#### [Exercise aim]
Could you copy exactly the lines below, beginning at the line with "Appartamento in vendita" and stopping after the line with "TTO ACRILATO LAXIOS SOBRE X 20 ML DROMATIC", with no pictures?

#### [Input data]
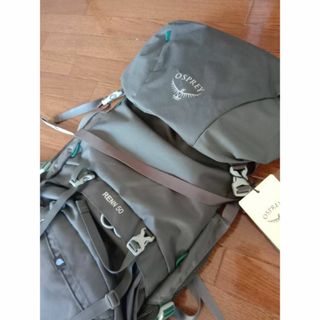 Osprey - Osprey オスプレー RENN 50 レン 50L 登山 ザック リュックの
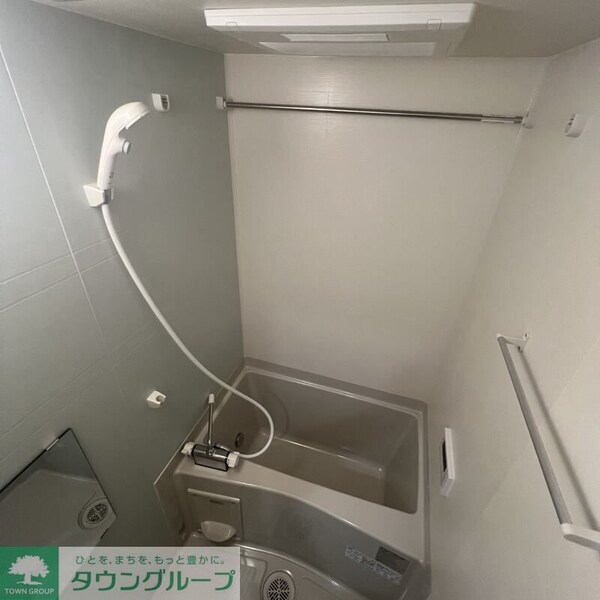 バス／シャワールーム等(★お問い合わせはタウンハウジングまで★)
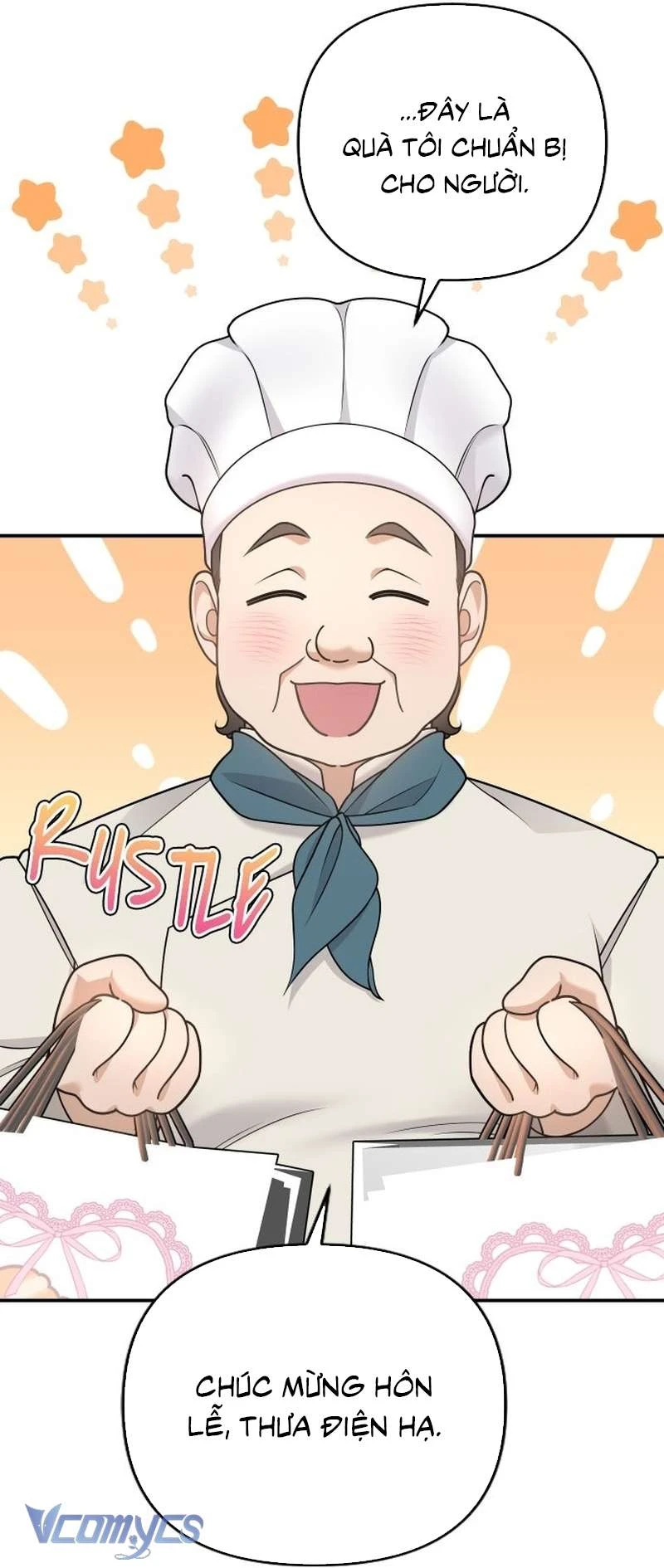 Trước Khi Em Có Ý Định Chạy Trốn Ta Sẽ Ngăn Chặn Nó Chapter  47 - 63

* * *

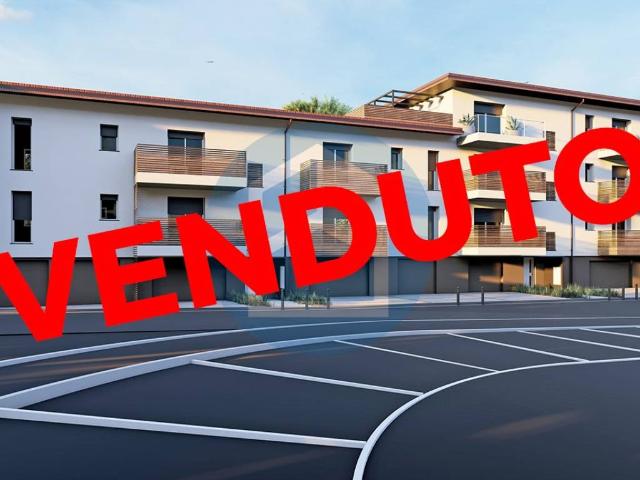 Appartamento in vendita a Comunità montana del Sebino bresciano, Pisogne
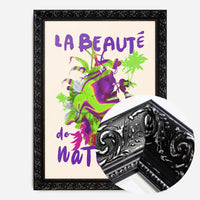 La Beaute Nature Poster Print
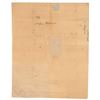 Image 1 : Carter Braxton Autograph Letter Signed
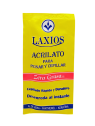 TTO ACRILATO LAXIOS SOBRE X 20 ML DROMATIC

* * *

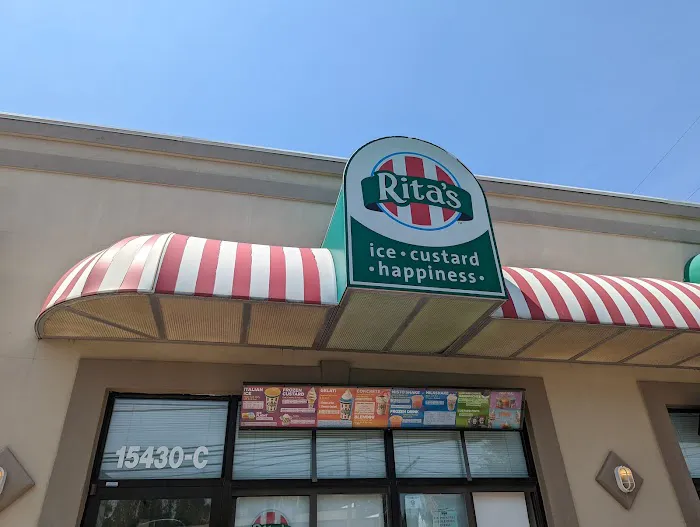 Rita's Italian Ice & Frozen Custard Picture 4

#### [Result of this exercise]
 Appartamento in vendita a Comunità montana del Sebino bresciano, Pisogne
 La Beaute Nature Poster Print
 Image 1 : Carter Braxton Autograph Letter Signed
 TTO ACRILATO LAXIOS SOBRE X 20 ML DROMATIC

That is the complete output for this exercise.